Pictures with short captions
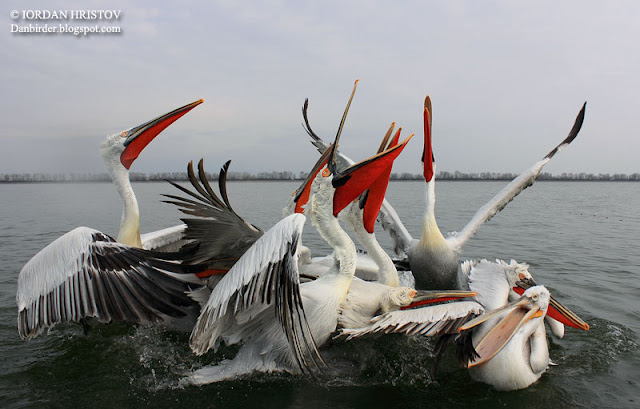 Dalmatian Pelican photography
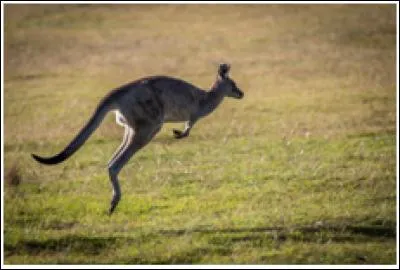 Pour que le kangourou puisse sauter, sa queue doit toucher le sol.
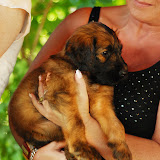 Abi - DSC_0194.jpg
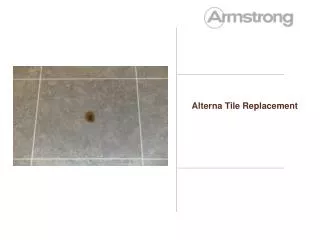 Alterna Tile Replacement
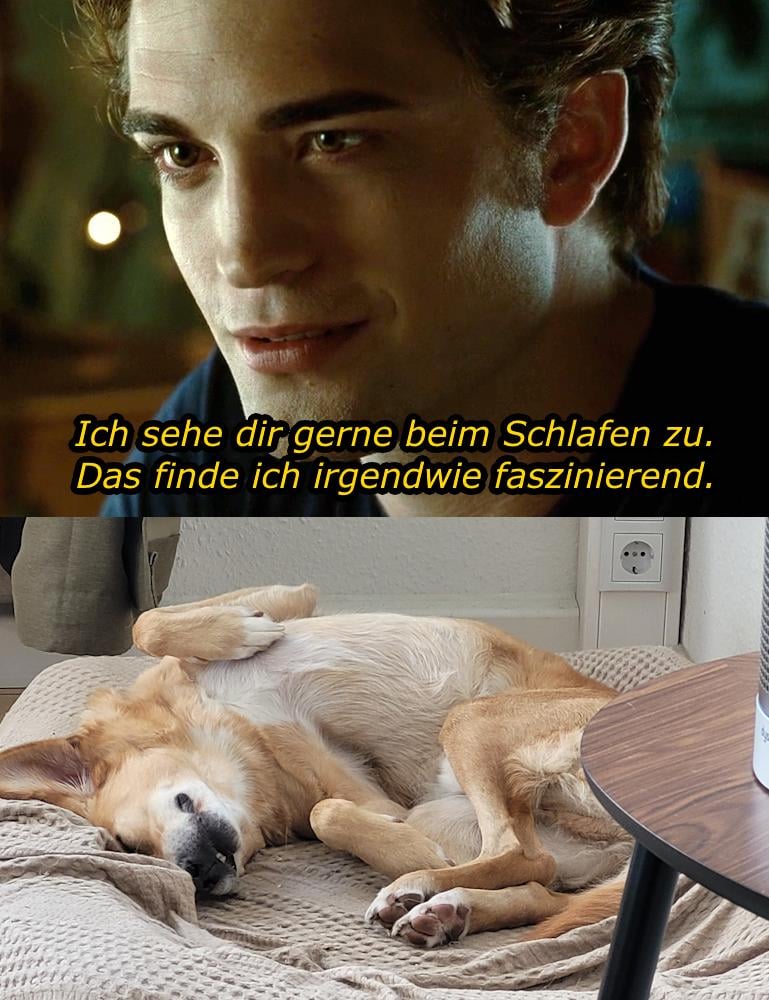 ich🐕iel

> Your instructions
Omit the pictures; restate every entry word for word.

> Reply to the exercise
 Dalmatian Pelican photography
 Pour que le kangourou puisse sauter, sa queue doit toucher le sol.
 Abi - DSC_0194.jpg
 Alterna Tile Replacement
 ich🐕iel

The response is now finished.